Vers la création d’un European Data Protection Board

Viviane Reding a également de grandes ambitions pour groupe de travail Article 29 sur la protection des données. Dans son discours, la commissaire européenne souhaite faire évoluer cet organe en une véritable CNIL européenne baptisée l’European Data Protection Board (Conseil européen sur la protection des données personnelles).

Pour que la réforme soit efficace, il faut évidemment aboutir à une législation harmonisée entre les pays européens. « Vous savez que je veux une règle unique de protection des données en Europe. Je crois que pour obtenir un niveau de protection élevé, nous avons besoin d’une loi unique et cohérente directement applicable dans tout Étatmembre » a-t-elle commenté.
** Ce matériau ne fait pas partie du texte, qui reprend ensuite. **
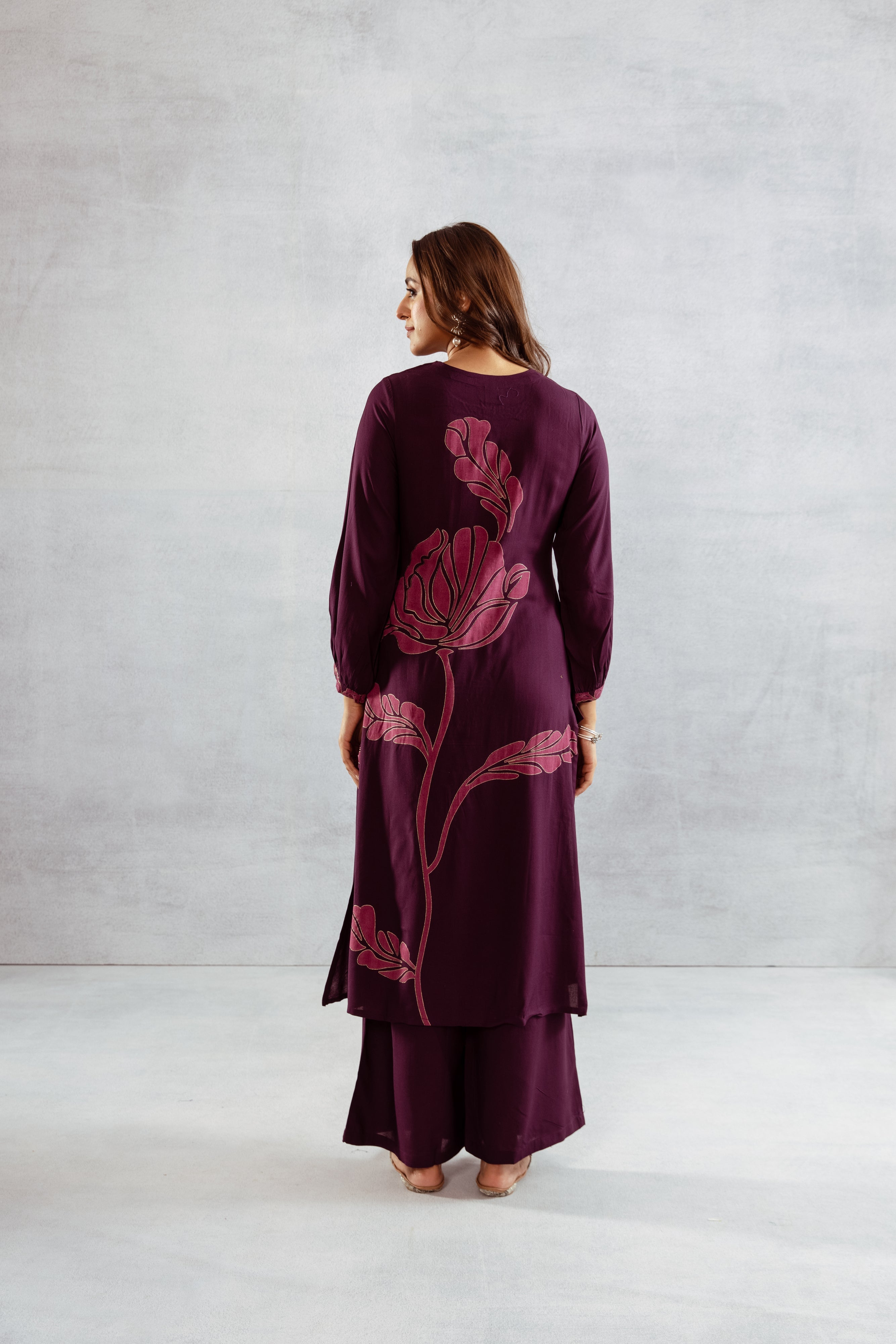 Women's Wine German Rayon Kurta and Palazzo Set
Au printemps dernier, Viviane Reding avait déjà plaidé pour une coopération renforcée entre les autorités de protection des nations européennes. « La coopération entre les autorités de protection des données des différents États membres doit également être améliorée« , en référence à Google Street View : captation illicite de données personnelles sur les réseaux WiFi non protégés et les ratés de la cartographie.
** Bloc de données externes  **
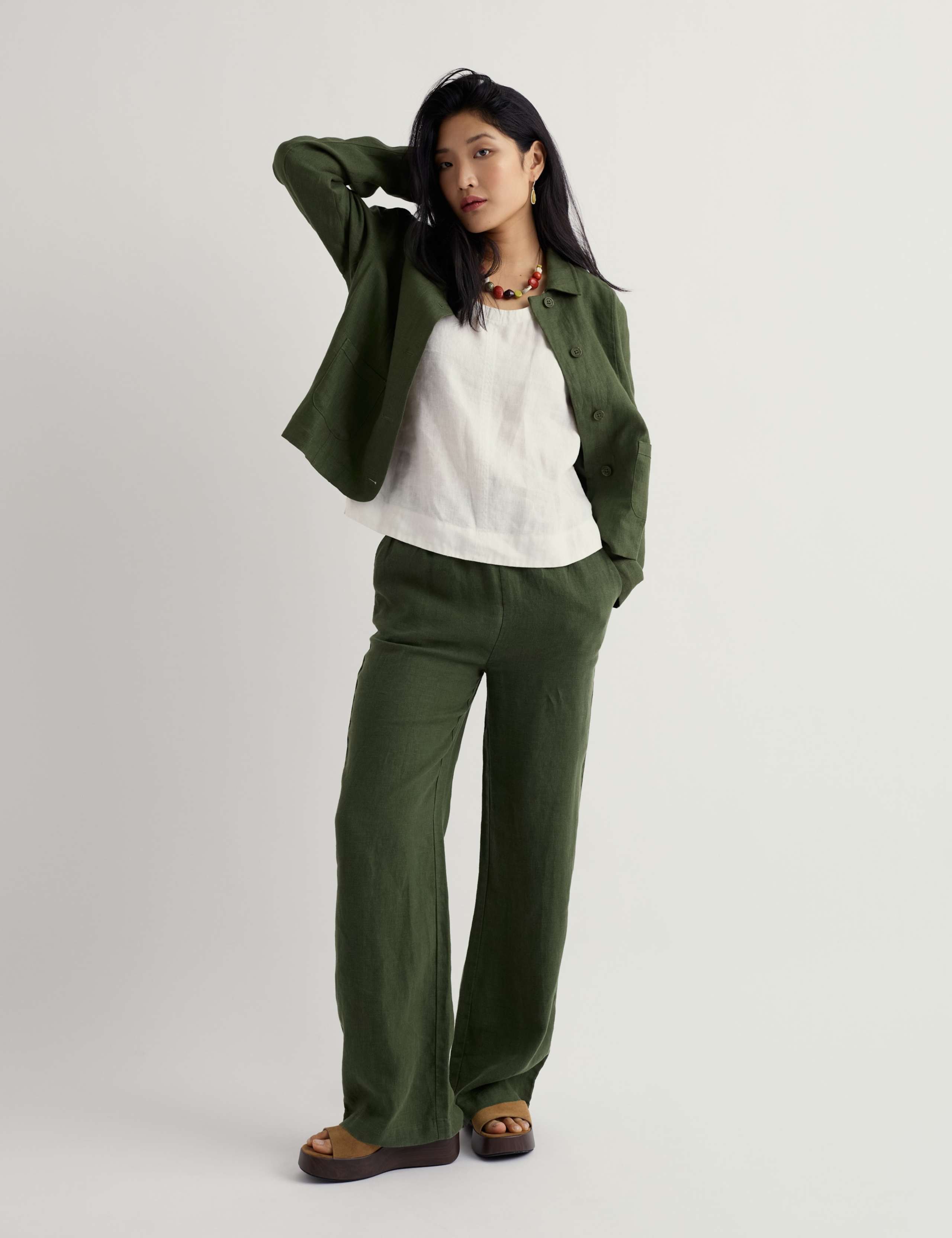 Pure Linen Wide Leg Trousers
Des moyens plus importants pour la CNIL ?

En plus d’une indépendance accrue, la réforme imaginée par Viviane Reding et son équipe va-t-elle permettre d’allouer plus de moyens à la Commission nationale de l’informatique et des libertés ? Il faut l’espérer. Rappelons que la CNIL été dotée dans la loi de finances 2010 d’un crédit de 14,71 millions d’euros. Une somme importante à première vue, mais dérisoire au regard de l’importance de ses missions.

À titre de comparaison, la Haute Autorité pour la diffusion des œuvres et la protection des droits sur internet a obtenu un budget large de 12 millions d’euros alors qu’elle compte – à l’époque – trois fois moins d’agents (140 à la CNIL contre une cinquantaine à l’Hadopi). À l’heure actuelle, c’est le parlement qui fixe le budget des deux autorités. Les nouvelles dispositions de la Commission pourraient bousculer tout cela.

Le plan de Bruxelles, s’il est maintenu tel quel, est à première vue une bonne chose. Rappelons en effet que sur l’Hadopi et la riposte graduée, la Commission nationale de l’informatique et des libertés a tenu un rôle particulièrement trouble, pour ne pas dire étrange. Cela ne devrait donc pas faire de mal de veiller à une plus grande indépendance de l’institution, y compris au niveau financier.